Clive Robinson March 11, 2015 7:41 AM

This problem with bit flipping goes back atleast as far as the mid 1980’s and was often seen when people tried to use the “RAS & CAS” lines two quickly by having a shorter time delay line or to much extra going on. Even with contention logic, video generation and DMA with high speed IO but only short length buffers in memory were a real pain for this sort of thing.

Part of the solution was to start using 9bit wide memory such that the last bit was used as a parity bit. This was not that popular because cascading through nine XOR gates slowed things down and faster parrity chips were quite a bit more expensive.

The problem with parity is it only catches odd numbers of bit flips per byte, thus two bit flips were not detected…

Using it to munch on page tables is just one of many attacks that can be done, however it’s perhaps the easiest to stop going rouge during an exploit.

It’s a security problem that gets hardly discussed these days, which is unfortunate because it’s a weakness all “security tagged” memory suffers from thus getting around Read Only and Code Only flags used on “word level” security.

The first step is using error correcting memory, but how do you know the system is actually using it correctly… and that it’s using something a little more reliable than parity…

It’s why it’s desirable for higher security systems that you also hash memory blocks and store the results in memory the user or IO executable code cannot get at. And that you rehash and check memory on a regular basis. Unfortunately this also requires quite a bit of code ro be either rewritten or recompiled by a compiler that will make the hashing both simpler and more reliable. Obviously slow as they might otherwise be interpreters with garbage collection can make the process less painfull for the programer and ultimately the user.

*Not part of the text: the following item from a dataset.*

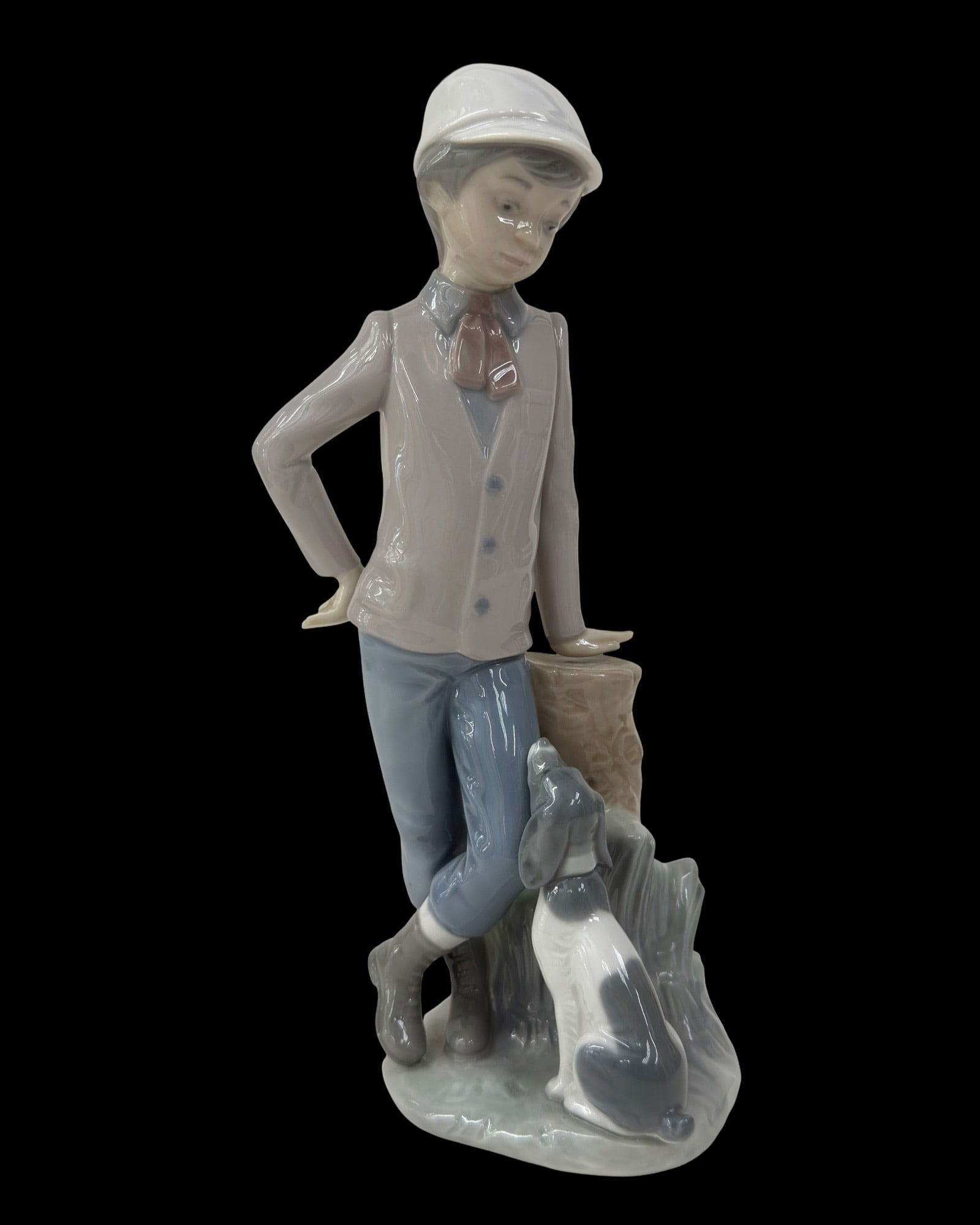 Lladro "Affectionate Pup" Porcelain Figure: Lladro "Affectionate Pup" Porcelain Figure. Measures approx. - 9 1/8" high x 3 1/2" wide.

People need to revisit computer history, and remember the computer stack goes down a long way below the assembler code level, and thus attacks can “bubble up” into the software and above layers

Regular readers will know I’ve said this on a number of occasions here in the past 😉

Michael March 11, 2015 7:46 AM

I find the statement

“We also tested some desktop machines, but did not see any bit flips on those. That could be because they were all relatively high-end machines with ECC memory. The ECC could be hiding bit flips.”

to be somewhat misleading. ECC RAM doesn’t hide bit flips; it corrects single-bit flips, and can detect but not correct larger errors.

So an easy way to mitigate the attack would seem to be to use ECC RAM. It will either more-or-less-silently correct for the error, or will trigger a NMI normally causing the system to be halted immediately, preventing any further damage. It’s a shame that many Intel laptop and desktop CPUs don’t support ECC RAM or even parity RAM (which can detect but not correct single-bit errors).

Clive Robinson March 11, 2015 8:15 AM

One thing else I forgot to mention,

Bit flipping is also known to be caused by ionizing radiation. Back in the days it was thought that only alpha particles in the chip packaging material was to blaim and solar radiation in high altitude and space systems. It transpires from latter work that it was mote likely to be neutrons as secondary effects of virtually unstopable cosmic radiation, so a lead box is not going to help.

What is also known is that all radiation fro DC to daylight and beyond will cause problems when logic changes state, due to issues to do with metastability.

Thus rapidly writting to the same areas of memory especially in cheaper memory may make adjacent memory more suceptable in address decoding logic.

Obviously cosmic radiation bit flips cannot be stopped and various solutions have been suggested in the past. The problem with parity and Haming type solutions is not only are they not sufficiently reliable, they slow things down and worse consume quite a bit of extra power, giving rise to other issues including heat problems.

One solution for high availability systems is to duplicate the memory banks and put themin different axis along with simpler “voting logic”.

Sun IBM and others have various improved systems for high availability servers and the like. All with different names of which the oddest is IBM’s “ChipKill” which detects and corrects allsorts of memory issues.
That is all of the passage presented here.